When creating UIs with utility classes, a lot of repetition can occur within the HTML markup. In this lesson, we see how this concern can be addressed by extracting a group of tailwind utility classes into a component classname. We create a Blocks Elements and Modifier (BEM) button component with a few style modifiers, that can be used everywhere in our project.
Instructor: [00:00] I have a default tailwind config file which gets processed via Gulp every time the CSS file changes. I also have an index.html file that has a reference to the compile CSS as well as a button composed of tailwind utility classes.
[00:14] Say I want a pink button now. I could copy and paste this button element and change the colors to pink. There we go. Let's make one more button but give it a teal background. It's pretty obvious we have a lot of repetition going here. This is not going to scale too well if we have, say, 500 buttons in our application.
[00:33] In my style.css file, I'll create a button class. In there, I will use at apply, a custom directive provided by tailwind, and combine utility class together within that class.
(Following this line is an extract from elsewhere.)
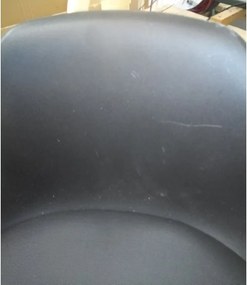 OFERTA Scaun de bar negru HOGA din piele ecologica cu picior negru calitatea II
The hover state classes need to be applied separately. I can now replace all these classes with the button class in my HTML.
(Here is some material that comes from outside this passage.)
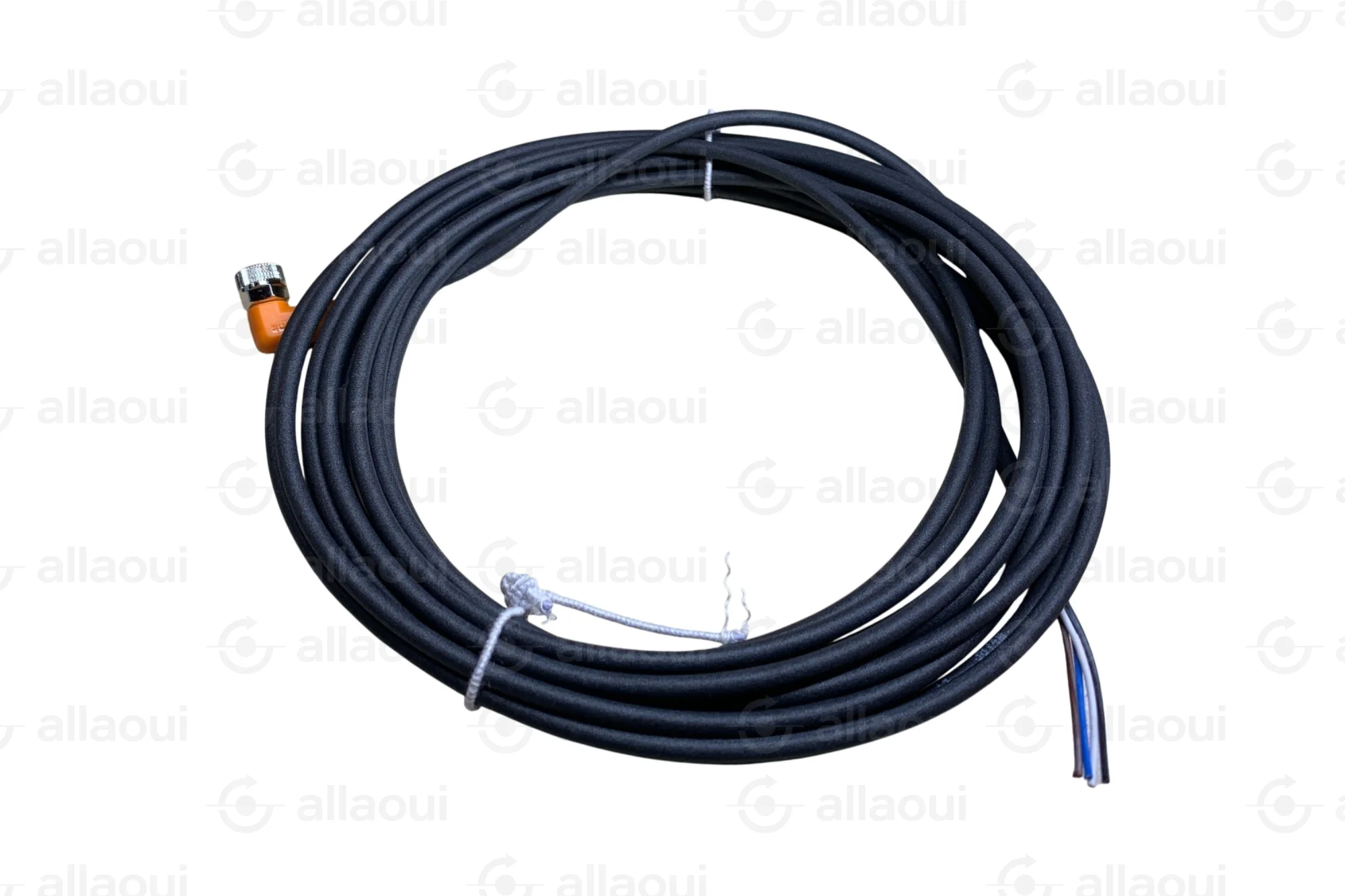 IFM Electronic Sensor-Actuator Cable M8 Angled Socket 4-pin 5m PUR Orange EVC154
[00:56] Let's quickly add these two margin classes that I forgot. I use them in this example so my buttons spread out properly, but in general, I recommend leaving margins outside of your component pattern. Let's refresh our page. The button still works.
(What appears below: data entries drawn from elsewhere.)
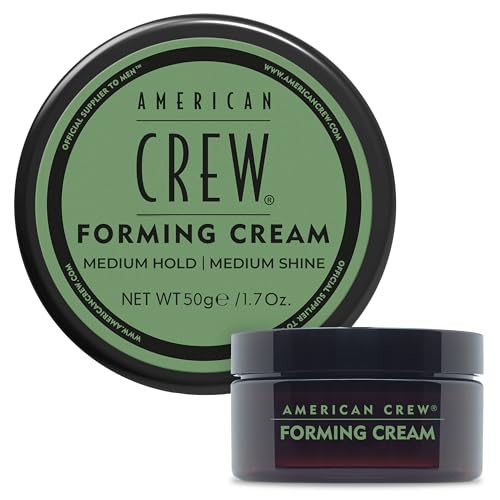 AMERICAN CREW Men's Hair Forming Cream, Like Styling Gel with Medium Hold & Shine, Travel Size, 1.7 oz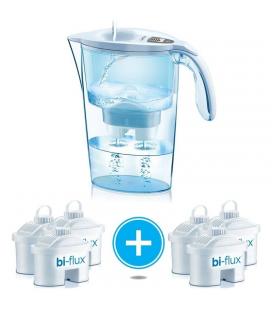 Pack Jarra Filtrante Laica Stream/ 2.3L/ Blanca/ Jarra + 6 Filtros BI-FLUX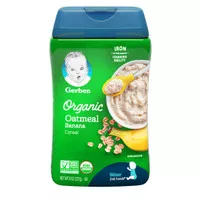 Gerber Organic Oatmeal Banana Cereal 227g - Sereal Bubur Bayi Organik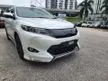 Used 2015 Toyota Harrier 2.0 Premium LEATHER SEAT KEYLESS ENTRY PUSH START POWER BOOT ELECTRIC SEAT ANDROID PLAYER REVERSE CAMERA MODELLISTA BODYKIT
[01:10] Let's replicate this base button a couple of times. We'll create modifier classes for our colors, button--pink and button--teal. In my stylesheet, I will create these classes and apply the right background colors to them. Give that a save. It still works.
[01:31] Let's create some more modifiers for the button corners. Button--peel will have the rounded-full class, and button square will have rounded none. Let's create buttons with these classes in our HTML quickly, button peel here and button square here. Give that a save. Whoops, almost there, we must have a typo in our CSS class. Yep, let's fix that.
[02:02] Voila! We are now writing bam style components while enforcing the decisions made in the tailwind config file.